The assertion that the 1994 MCM amendments extended discipline power over civilian counsel is wrong on two counts. First, as oriiginally adopted in 1984, R.C.M. 109(a) authorized Judge Advocates General to discipline “other lawyers who practice in proceedings governed by the code and this Manual.” And as DOJ pointed out on page 6 of this reply brief, the 1951 MCM and all subsequent MCMs have authorized the Judge Advocates General to discipline civilian counsel. Second, the most recent change to R.C.M. 109 was included in the 1993 MCM amendments, not the 1994 MCM amendments. See Exec. Ord. No. 12,888 (1993).
But the important question is whether the President was authorized to adopt R.C.M. 109. Mr. Partington’s counsel argue that he wasn’t because Congress didn’t authorize a Judge Advocate General to discipline civilian counsel. But Congress intentionally gave the President the power to address through Article 36 matters that Congress itself didn’t address. That’s the whole point of Article 36’s delegation. So R.C.M. 109 is unauthorized only if it is a matter of substantive law rather than a procedural rule. Which is it?
R.C.M. 109 governs who may practice in courts-martial. That is a procedural rule rather than a matter of substantive law. So a President may properly authorize a Judge Advocate General to prescribe rules governing when a counsel – -including a civilian counsel — won’t be allowed to represent an accused at a court-martial.
It seems unlikely that a court would hold that for the last 60 years, Presidents have exceeded their authority by purporting to authorize the Judge Advocates General to suspend civilian counsel from representing accused in their services’ courts-martial. Nor should a court reach such a conclusion.

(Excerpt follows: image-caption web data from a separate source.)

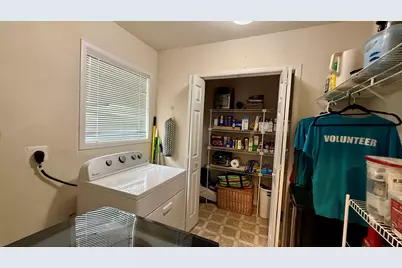 131 NE Clements Street, Fort Walton Beach, FL 32548 - Photo 15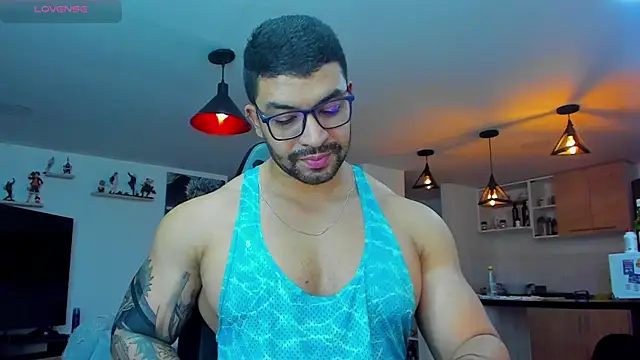 Michael Diamond online show from 02-03-25, 04:04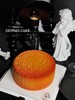 【1024】中秋团圆月饼蛋糕 商品缩略图2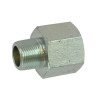Złączka au/in 3/4 BSPTx1 BSP VRBTB1216 Voss VRBTB1216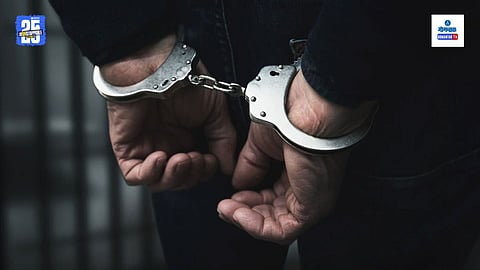 Goa News: आग्वाद येथे दोघांवर चाकू आणि कात्रीने हल्ला, तामिळनाडूच्या पाच जणांना अटक; वाचा दिवसभरातील घडामोडी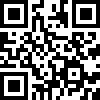 https://mehrnews.com/xN8xH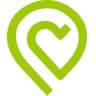 betterplace.org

I take no position regarding whether the particular procedures that led to Mr. Partington’s suspension are vulnerable to attack — I haven’t studied that issue in sufficient depth to have an opinion. But as to the Judge Advocate General’s authority to suspend a civilian counsel from practicing in his service’s courts, I conclude such authority is granted by R.C.M. 109, which is a valid exercise of authority granted to the President by Article 36.